## AIM OF THE EXERCISE
Pictures appear among the records below and must be omitted. Repeat exactly the lines from the line with "广东经济出版社2023名师测控八年级下册语文人教版云南专版参考答案" to the line with "星空入口官方网站 标识", both included.

## ENTRIES SUPPLIED
------------------------------------

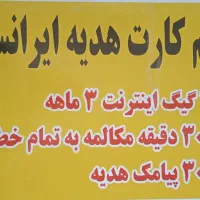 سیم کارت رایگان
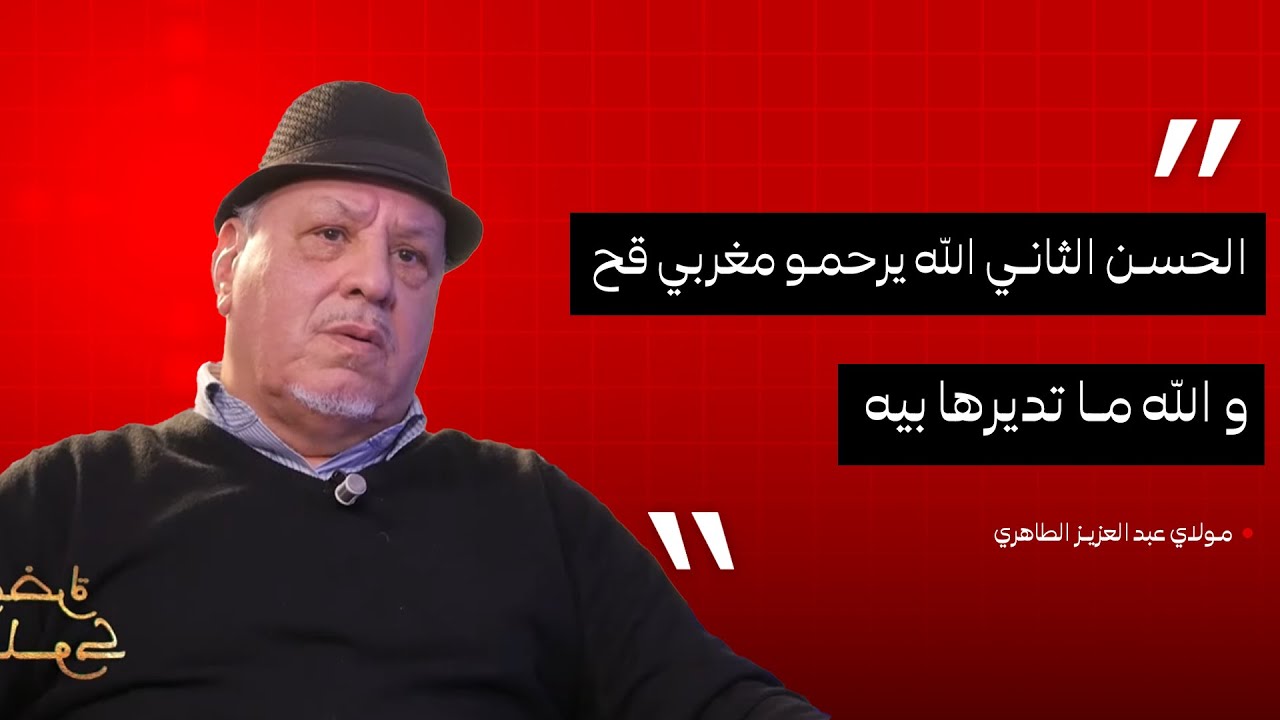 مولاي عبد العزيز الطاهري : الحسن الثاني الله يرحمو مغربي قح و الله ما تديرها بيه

------------------------------------

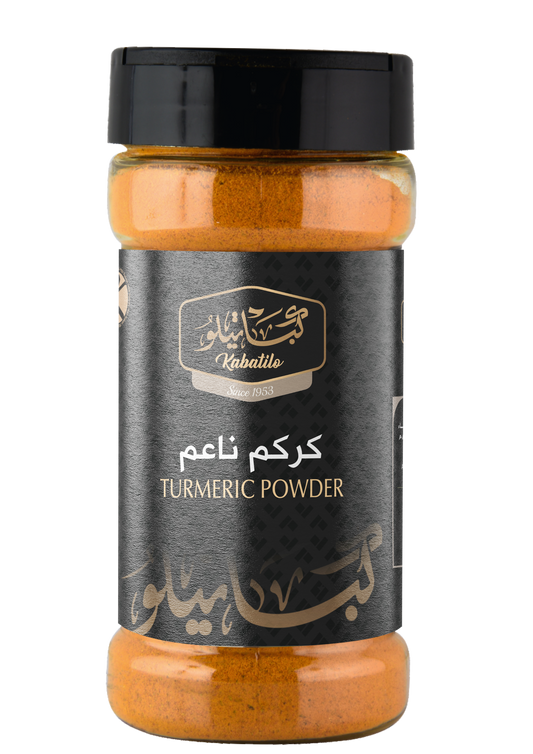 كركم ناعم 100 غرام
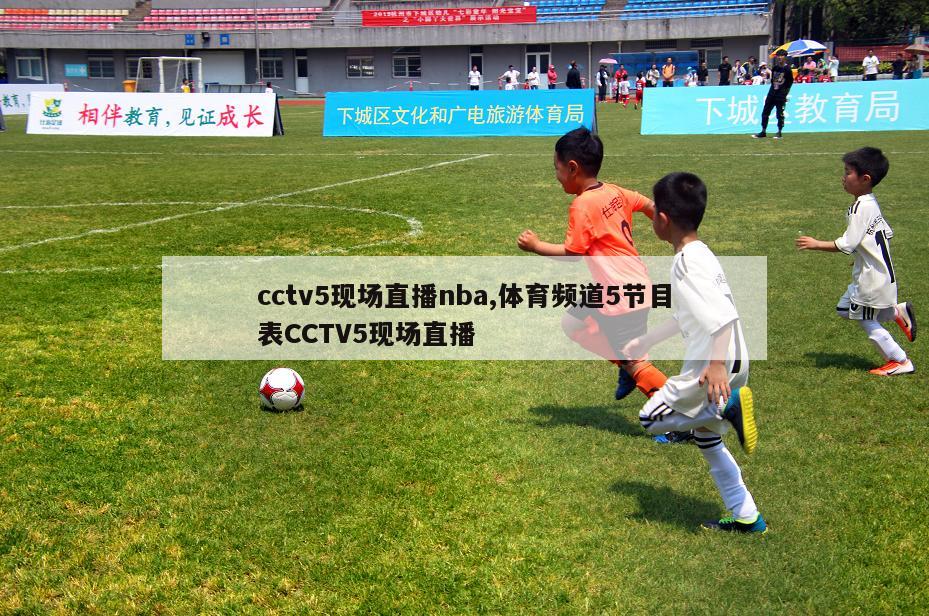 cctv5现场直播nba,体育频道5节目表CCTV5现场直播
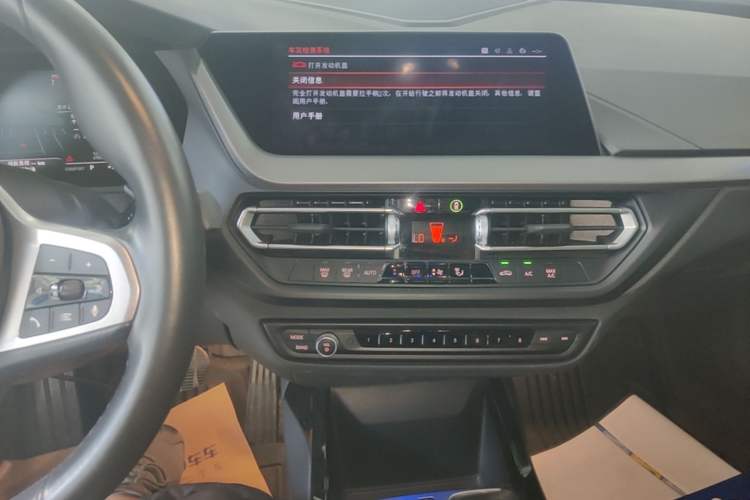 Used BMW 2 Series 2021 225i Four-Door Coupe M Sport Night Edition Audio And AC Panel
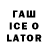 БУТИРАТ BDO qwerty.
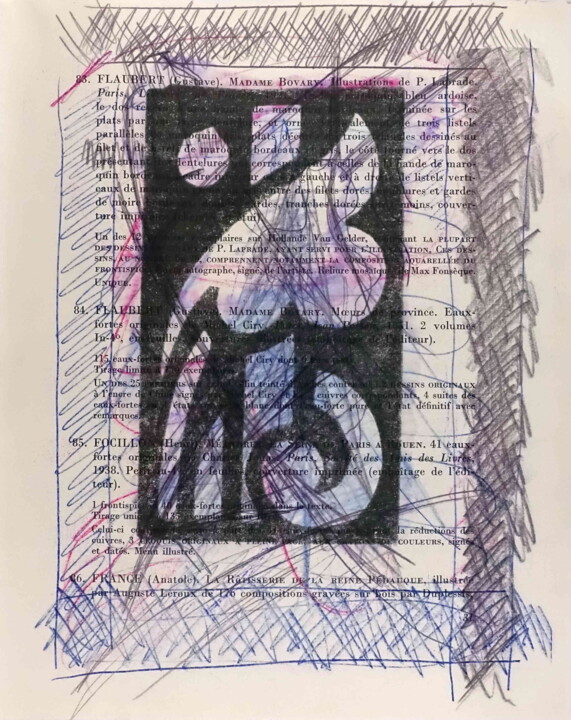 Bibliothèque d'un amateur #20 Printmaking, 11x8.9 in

------------------------------------

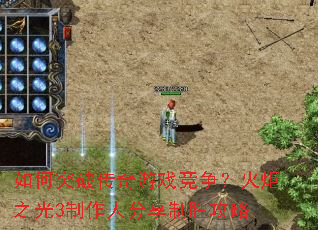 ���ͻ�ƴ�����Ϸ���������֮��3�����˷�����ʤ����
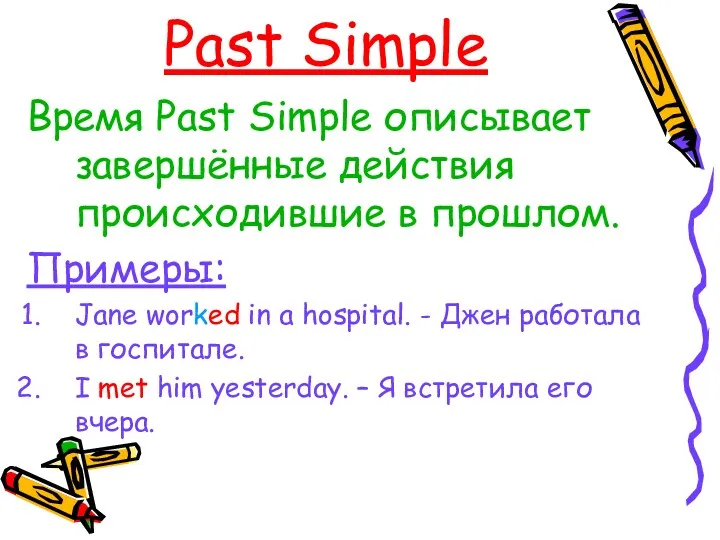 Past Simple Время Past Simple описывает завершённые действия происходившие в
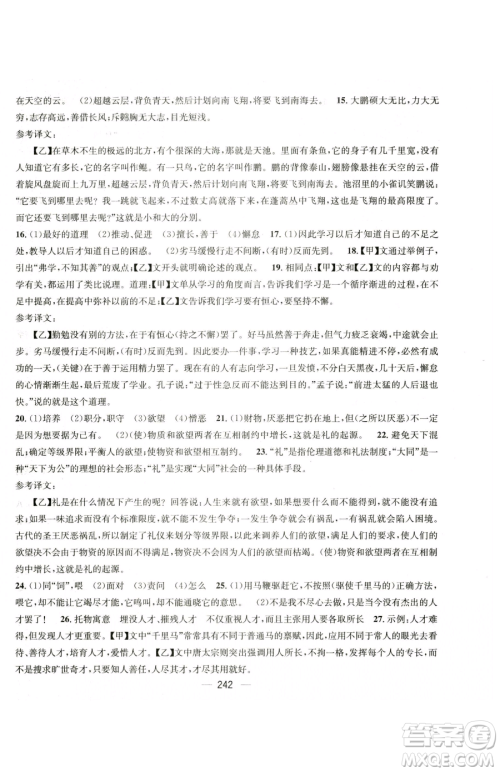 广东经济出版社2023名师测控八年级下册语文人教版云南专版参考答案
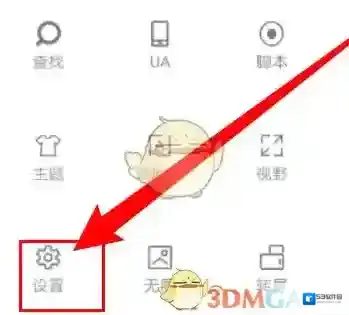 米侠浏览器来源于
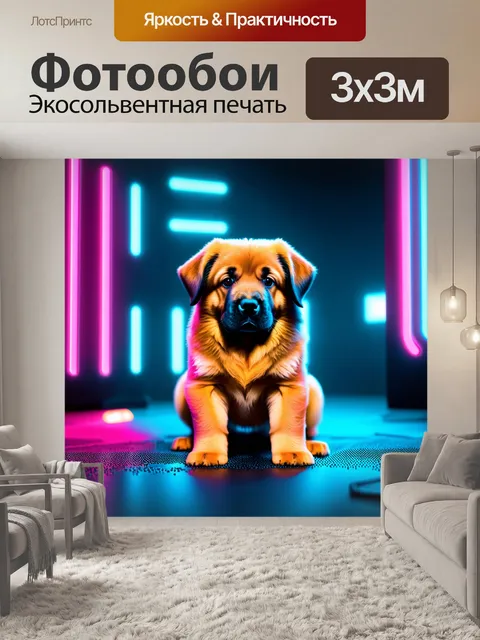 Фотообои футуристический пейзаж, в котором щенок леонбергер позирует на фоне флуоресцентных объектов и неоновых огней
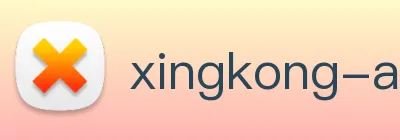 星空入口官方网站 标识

------------------------------------

## TASK RESULT
 广东经济出版社2023名师测控八年级下册语文人教版云南专版参考答案
 米侠浏览器来源于
 Фотообои футуристический пейзаж, в котором щенок леонбергер позирует на фоне флуоресцентных объектов и неоновых огней
 星空入口官方网站 标识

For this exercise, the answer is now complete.